Nature, it is said, abhors a vacuum. So, too, do the markets. When the US and Israel attacked Iran on February 28, the subsequent closure of the Strait of Hormuz proved to be one of the most destabilising events to hit the worldwide economy in recent decades. It also accelerated an evolution in globalisation as workarounds emerged. This looks set to redefine how billions of dollars’ worth of goods get to their destinations.
Yesterday, The National reported how, just days after the war broke out, Dubai-bound vehicles shipped from Japan and South Korea were being unloaded at ports in Sri Lanka. Other cargo has been rerouted through the UAE port of Khor Fakkan, and there has been an increase in traffic through Saudi Arabia's King Abdullah Port and Jeddah Islamic Port on the Red Sea.

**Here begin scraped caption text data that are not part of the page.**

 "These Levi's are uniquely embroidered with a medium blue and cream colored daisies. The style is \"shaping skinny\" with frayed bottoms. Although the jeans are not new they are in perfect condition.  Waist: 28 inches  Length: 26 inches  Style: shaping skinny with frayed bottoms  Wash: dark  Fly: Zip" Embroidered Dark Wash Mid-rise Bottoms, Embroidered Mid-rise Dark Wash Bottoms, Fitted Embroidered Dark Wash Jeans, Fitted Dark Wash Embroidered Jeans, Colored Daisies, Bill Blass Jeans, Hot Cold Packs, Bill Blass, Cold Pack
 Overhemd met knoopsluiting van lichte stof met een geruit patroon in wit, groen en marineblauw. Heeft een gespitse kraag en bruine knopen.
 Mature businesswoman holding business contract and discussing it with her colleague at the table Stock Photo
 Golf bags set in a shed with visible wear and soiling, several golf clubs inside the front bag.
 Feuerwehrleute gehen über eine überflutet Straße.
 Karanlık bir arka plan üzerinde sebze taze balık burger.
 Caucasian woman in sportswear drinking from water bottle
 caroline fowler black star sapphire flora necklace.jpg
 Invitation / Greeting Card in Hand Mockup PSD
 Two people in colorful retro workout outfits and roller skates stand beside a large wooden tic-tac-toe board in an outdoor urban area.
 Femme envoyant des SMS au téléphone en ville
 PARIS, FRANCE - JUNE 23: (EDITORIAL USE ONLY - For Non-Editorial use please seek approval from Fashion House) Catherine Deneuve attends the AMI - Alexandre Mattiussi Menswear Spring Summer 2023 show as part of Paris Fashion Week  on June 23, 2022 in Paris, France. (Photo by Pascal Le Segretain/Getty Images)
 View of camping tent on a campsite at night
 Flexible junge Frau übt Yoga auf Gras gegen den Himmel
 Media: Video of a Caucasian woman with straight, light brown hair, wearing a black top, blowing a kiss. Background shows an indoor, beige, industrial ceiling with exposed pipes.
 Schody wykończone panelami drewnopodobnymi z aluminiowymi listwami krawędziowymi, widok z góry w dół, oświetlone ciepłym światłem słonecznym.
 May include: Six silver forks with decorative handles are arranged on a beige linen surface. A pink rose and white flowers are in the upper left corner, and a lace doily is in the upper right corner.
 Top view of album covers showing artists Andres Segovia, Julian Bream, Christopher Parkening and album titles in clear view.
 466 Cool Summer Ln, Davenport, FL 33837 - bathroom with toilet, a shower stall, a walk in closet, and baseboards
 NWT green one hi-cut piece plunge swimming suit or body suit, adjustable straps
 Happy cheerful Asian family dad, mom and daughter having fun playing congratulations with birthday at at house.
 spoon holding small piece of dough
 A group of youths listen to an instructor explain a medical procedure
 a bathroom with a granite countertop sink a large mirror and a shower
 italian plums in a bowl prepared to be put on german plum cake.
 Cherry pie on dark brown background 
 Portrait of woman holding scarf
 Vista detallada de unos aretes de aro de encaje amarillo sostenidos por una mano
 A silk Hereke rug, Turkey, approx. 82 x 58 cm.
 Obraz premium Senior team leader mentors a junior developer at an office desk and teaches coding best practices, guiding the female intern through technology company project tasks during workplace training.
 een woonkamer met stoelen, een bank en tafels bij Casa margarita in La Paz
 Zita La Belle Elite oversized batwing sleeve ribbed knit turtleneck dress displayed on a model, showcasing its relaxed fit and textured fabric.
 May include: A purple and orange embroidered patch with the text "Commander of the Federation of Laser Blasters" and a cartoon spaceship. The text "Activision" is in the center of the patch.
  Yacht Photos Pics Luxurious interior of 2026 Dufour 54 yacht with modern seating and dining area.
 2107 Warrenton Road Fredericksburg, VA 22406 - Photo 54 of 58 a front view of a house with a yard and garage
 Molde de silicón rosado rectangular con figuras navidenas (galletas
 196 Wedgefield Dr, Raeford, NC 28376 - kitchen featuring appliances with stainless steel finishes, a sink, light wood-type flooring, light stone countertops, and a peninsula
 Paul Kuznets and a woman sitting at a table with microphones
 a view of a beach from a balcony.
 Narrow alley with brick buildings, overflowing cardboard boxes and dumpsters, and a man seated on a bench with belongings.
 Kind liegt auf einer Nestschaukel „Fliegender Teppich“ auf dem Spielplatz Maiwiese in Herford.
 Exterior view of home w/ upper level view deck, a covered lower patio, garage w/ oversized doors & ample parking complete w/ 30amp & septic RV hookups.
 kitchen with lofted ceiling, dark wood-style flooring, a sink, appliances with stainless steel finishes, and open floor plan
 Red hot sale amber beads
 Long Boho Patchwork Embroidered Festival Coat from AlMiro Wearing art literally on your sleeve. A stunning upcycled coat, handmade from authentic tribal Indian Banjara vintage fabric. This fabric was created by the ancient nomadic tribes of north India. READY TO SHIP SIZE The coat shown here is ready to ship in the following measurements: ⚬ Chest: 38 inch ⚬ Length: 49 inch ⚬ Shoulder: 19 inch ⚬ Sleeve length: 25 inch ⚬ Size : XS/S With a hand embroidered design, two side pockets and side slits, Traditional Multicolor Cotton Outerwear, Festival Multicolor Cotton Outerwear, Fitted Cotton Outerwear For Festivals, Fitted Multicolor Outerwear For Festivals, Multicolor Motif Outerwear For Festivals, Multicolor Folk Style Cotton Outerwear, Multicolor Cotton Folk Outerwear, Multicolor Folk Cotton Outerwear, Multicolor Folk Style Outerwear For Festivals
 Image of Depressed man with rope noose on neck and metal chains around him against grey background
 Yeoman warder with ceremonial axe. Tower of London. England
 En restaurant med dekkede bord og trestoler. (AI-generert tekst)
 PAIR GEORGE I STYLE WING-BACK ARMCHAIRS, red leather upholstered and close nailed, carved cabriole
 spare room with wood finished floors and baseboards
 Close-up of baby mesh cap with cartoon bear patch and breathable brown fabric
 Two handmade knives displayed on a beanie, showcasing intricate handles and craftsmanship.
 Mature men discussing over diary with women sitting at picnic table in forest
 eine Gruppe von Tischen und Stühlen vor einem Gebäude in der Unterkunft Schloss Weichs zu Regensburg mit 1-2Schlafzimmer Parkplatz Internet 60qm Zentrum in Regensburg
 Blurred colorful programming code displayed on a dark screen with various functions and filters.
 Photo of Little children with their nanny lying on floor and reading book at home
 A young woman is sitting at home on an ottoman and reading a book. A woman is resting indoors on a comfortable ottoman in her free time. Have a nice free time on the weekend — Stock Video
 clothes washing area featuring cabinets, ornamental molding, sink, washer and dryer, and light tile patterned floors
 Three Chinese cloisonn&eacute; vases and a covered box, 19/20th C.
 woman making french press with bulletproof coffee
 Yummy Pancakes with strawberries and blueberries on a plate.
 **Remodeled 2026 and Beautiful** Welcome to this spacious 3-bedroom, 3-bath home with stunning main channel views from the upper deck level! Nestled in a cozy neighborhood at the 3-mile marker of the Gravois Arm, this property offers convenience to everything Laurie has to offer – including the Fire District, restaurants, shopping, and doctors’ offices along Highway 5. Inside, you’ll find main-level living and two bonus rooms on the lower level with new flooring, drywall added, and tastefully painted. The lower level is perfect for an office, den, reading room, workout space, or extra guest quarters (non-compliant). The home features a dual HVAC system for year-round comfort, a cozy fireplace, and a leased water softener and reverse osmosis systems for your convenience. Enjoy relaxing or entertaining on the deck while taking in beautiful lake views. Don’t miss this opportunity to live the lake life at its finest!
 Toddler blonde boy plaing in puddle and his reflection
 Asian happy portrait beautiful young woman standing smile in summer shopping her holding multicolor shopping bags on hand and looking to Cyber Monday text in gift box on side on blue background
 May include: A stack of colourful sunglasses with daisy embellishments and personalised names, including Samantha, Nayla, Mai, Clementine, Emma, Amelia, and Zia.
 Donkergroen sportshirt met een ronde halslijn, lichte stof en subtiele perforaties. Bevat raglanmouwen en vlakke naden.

Air links have changed too. EMFIS, a certification organisation that promotes ways to reduce exposure to electromagnetic radiation inside buildings, had to figure out how to source the special paint it supplies to clients. The paint, bought from Germany, France, Belgium and Switzerland, would usually be sent by sea and arrive in the UAE at Jebel Ali Port. The company eventually switched to air fright to meet customers’ needs despite this being about 40 per cent more expensive than sea freight.
The age of globalisation was defined by speed. As trade barriers fell and economies grew more interconnected, consumers became used to the seamless and efficient delivery of goods. This system of trade depended upon stability, especially at the site of geographical chokepoints such as the Strait of Hormuz or Bab Al Mandeb. The events of the past three months show that such stability can no longer be taken for granted.
This should encourage governments, businesses and logistics companies to reassess old assumptions. Supply chains are changing to become adaptive networks rather than the linear pipelines that went before. Rerouting, split shipments and the emergence of regional supply loops represent a kind of fragmentation of the globalisation seen so far.
These emerging changes and accompanying re-mapping of trade geography will have consequences for a major logistics centre such as the UAE. The country has been proactive about mitigating the effect of external shocks; its support for domestic industries can be seen in strategies such as Make it in the Emirates and Operation 300bn. Significant investment by the UAE and other Gulf countries in freight rail and new oil pipelines also signal readiness and flexibility.
Nevertheless, although everyone is hoping that an expected peace deal between the US and Iran this week will de-escalate the situation in the Middle East, when it comes to the international economy, not only will recovery take a long time, it will likely no longer be a question of getting back to normal. It is too soon to say if this will benefit most economies, but countries should be ready for a different kind of globalisation.